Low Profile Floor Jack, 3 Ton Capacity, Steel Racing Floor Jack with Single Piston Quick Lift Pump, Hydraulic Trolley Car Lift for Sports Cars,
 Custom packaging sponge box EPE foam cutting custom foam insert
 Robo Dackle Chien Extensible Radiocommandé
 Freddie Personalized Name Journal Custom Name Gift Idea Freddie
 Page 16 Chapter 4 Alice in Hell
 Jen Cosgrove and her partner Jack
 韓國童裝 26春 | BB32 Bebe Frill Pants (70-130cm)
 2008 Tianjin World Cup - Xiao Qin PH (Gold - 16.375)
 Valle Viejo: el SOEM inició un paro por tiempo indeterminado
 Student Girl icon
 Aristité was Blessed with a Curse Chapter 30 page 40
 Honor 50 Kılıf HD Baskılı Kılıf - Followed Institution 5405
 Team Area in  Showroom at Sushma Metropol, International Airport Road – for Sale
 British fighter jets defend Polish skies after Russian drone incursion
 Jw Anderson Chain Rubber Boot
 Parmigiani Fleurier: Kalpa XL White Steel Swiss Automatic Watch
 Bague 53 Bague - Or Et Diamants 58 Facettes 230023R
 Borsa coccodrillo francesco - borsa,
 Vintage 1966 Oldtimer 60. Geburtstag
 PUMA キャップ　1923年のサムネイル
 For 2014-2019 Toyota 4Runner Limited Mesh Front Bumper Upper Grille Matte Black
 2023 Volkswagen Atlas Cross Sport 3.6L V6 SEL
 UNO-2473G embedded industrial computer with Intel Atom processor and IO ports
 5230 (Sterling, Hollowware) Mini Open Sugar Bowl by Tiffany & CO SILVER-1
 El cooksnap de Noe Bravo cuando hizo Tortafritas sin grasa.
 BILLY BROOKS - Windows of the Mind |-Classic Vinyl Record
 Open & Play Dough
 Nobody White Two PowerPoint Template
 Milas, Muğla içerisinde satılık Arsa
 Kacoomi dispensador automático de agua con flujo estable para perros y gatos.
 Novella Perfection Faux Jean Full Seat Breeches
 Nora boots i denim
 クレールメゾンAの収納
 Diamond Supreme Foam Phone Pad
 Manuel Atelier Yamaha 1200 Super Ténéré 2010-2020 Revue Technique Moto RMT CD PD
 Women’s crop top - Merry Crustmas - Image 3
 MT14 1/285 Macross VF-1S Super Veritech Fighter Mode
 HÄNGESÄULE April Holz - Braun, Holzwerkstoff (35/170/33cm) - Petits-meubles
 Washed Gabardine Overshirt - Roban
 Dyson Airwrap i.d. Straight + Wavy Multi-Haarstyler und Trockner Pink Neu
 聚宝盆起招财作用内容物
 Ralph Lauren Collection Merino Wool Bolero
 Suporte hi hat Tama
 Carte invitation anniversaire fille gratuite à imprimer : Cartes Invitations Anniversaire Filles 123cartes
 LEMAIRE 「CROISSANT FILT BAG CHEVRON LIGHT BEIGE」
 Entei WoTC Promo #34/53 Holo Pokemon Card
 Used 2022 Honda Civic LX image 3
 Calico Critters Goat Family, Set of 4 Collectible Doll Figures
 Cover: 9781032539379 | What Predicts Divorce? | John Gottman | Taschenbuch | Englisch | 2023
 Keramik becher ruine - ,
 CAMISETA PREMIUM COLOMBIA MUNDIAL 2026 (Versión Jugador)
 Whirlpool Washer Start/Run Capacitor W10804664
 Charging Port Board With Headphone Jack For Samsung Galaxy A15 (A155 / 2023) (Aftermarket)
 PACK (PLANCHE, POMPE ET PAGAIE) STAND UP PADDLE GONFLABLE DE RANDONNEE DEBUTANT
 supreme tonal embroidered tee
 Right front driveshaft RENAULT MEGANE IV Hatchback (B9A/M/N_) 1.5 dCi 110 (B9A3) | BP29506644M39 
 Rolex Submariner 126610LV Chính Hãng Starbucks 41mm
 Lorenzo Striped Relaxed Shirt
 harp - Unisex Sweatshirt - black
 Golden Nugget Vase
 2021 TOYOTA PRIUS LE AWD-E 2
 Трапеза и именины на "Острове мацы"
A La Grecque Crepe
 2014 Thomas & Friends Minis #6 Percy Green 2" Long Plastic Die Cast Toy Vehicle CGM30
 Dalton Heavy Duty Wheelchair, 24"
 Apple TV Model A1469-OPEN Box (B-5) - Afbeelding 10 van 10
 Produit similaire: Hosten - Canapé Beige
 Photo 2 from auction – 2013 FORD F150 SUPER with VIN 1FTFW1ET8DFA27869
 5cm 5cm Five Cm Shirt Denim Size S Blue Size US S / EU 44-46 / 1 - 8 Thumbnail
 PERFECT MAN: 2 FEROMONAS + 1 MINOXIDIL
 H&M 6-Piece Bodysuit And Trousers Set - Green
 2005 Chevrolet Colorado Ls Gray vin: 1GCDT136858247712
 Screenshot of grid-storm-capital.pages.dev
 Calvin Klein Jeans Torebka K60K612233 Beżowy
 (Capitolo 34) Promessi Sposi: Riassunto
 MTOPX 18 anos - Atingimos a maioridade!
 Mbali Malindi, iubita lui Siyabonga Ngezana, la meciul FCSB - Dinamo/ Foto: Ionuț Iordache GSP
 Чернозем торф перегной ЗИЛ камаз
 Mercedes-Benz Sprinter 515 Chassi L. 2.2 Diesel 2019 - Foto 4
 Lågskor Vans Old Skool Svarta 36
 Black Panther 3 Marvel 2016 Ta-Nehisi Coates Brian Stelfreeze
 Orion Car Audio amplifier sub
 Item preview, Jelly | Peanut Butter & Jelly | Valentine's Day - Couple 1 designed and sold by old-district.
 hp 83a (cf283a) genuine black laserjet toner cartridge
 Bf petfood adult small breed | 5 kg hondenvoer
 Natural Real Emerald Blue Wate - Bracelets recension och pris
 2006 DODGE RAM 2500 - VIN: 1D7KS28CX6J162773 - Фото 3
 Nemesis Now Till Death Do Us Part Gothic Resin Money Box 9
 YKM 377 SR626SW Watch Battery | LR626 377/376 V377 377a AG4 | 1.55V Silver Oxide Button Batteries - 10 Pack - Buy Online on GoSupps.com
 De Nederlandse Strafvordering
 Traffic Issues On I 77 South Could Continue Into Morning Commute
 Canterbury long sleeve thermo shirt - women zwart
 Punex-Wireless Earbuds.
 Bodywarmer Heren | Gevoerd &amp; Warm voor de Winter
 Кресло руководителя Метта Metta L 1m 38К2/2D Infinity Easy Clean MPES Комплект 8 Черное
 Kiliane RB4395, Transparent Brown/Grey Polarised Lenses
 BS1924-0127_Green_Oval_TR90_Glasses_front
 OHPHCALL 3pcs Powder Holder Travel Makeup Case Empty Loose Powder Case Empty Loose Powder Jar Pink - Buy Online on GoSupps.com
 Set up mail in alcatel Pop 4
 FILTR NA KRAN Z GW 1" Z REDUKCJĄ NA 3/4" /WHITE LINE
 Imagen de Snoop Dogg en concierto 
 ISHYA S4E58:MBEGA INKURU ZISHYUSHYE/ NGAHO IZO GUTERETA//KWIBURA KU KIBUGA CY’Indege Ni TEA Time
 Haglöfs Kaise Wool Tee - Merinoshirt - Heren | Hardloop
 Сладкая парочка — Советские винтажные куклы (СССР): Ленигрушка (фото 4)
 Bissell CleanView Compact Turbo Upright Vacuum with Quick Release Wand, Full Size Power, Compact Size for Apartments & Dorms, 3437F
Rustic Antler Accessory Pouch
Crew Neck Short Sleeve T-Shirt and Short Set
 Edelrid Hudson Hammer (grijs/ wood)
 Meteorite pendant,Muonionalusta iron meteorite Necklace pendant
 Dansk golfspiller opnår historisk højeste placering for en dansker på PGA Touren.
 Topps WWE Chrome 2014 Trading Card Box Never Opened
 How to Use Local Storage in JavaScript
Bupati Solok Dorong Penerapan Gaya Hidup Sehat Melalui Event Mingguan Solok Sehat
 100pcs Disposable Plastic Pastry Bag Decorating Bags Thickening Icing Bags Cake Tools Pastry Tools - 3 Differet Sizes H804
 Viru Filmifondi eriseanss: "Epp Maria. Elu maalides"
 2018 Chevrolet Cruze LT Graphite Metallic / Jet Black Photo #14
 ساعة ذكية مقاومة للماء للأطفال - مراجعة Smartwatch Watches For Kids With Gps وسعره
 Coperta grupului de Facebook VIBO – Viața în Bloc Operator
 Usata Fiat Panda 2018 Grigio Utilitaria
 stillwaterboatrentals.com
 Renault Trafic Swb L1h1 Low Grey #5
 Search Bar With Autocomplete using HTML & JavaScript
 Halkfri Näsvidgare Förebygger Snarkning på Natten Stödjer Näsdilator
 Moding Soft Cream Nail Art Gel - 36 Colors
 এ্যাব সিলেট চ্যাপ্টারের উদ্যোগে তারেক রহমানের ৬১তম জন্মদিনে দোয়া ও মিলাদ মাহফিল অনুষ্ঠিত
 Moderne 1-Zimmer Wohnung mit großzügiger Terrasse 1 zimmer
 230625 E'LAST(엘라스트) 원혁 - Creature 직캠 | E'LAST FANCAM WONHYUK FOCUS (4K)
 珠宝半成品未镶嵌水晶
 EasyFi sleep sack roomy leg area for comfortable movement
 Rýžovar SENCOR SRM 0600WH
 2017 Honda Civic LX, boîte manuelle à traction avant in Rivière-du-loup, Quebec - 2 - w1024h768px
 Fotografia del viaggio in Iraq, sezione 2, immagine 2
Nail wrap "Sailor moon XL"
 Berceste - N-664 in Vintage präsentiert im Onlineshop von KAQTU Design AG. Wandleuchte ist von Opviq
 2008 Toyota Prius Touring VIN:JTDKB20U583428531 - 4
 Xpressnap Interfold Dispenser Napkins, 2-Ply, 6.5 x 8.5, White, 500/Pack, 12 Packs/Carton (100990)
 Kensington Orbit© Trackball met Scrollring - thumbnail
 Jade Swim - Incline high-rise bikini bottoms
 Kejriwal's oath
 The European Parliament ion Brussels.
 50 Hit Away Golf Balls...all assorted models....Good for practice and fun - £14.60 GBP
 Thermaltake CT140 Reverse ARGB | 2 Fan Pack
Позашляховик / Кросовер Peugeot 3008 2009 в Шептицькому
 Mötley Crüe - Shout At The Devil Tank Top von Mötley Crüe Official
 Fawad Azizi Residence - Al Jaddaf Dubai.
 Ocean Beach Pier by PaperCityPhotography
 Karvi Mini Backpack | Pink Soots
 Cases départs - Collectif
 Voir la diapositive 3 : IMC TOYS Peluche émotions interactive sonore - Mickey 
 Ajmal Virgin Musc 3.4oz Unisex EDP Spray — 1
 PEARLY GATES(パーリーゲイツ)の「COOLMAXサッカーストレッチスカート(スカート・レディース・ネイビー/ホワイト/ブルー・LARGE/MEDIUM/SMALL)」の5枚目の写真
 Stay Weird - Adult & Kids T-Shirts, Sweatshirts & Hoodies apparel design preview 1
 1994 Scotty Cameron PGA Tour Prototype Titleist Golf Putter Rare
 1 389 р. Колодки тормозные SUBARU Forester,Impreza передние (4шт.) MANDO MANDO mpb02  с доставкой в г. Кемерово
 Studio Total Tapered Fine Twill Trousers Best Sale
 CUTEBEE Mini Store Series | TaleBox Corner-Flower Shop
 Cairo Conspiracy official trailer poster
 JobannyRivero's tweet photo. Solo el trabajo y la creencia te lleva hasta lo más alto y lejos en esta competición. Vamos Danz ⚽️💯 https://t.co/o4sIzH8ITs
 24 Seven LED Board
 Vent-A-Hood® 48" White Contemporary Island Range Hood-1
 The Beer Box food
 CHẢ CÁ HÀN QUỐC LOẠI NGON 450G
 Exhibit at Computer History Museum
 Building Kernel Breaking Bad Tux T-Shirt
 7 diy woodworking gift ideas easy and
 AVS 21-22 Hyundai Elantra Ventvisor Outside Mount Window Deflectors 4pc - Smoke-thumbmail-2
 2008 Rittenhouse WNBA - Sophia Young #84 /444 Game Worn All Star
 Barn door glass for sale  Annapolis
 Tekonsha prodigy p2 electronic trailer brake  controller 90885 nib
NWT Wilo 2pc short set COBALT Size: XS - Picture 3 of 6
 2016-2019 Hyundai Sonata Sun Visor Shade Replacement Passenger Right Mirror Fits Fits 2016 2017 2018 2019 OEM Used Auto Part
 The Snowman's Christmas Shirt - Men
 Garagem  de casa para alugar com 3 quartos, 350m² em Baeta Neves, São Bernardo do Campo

--- --- ---

Copy out, exactly and alone, the lines of the entries above between the ones holding "Rolex Submariner 126610LV" and "Чернозем торф перегной ЗИЛ камаз", inclusive.

 Rolex Submariner 126610LV Chính Hãng Starbucks 41mm
 Lorenzo Striped Relaxed Shirt
 harp - Unisex Sweatshirt - black
 Golden Nugget Vase
 2021 TOYOTA PRIUS LE AWD-E 2
 Трапеза и именины на "Острове мацы"
A La Grecque Crepe
 2014 Thomas & Friends Minis #6 Percy Green 2" Long Plastic Die Cast Toy Vehicle CGM30
 Dalton Heavy Duty Wheelchair, 24"
 Apple TV Model A1469-OPEN Box (B-5) - Afbeelding 10 van 10
 Produit similaire: Hosten - Canapé Beige
 Photo 2 from auction – 2013 FORD F150 SUPER with VIN 1FTFW1ET8DFA27869
 5cm 5cm Five Cm Shirt Denim Size S Blue Size US S / EU 44-46 / 1 - 8 Thumbnail
 PERFECT MAN: 2 FEROMONAS + 1 MINOXIDIL
 H&M 6-Piece Bodysuit And Trousers Set - Green
 2005 Chevrolet Colorado Ls Gray vin: 1GCDT136858247712
 Screenshot of grid-storm-capital.pages.dev
 Calvin Klein Jeans Torebka K60K612233 Beżowy
 (Capitolo 34) Promessi Sposi: Riassunto
 MTOPX 18 anos - Atingimos a maioridade!
 Mbali Malindi, iubita lui Siyabonga Ngezana, la meciul FCSB - Dinamo/ Foto: Ionuț Iordache GSP
 Чернозем торф перегной ЗИЛ камаз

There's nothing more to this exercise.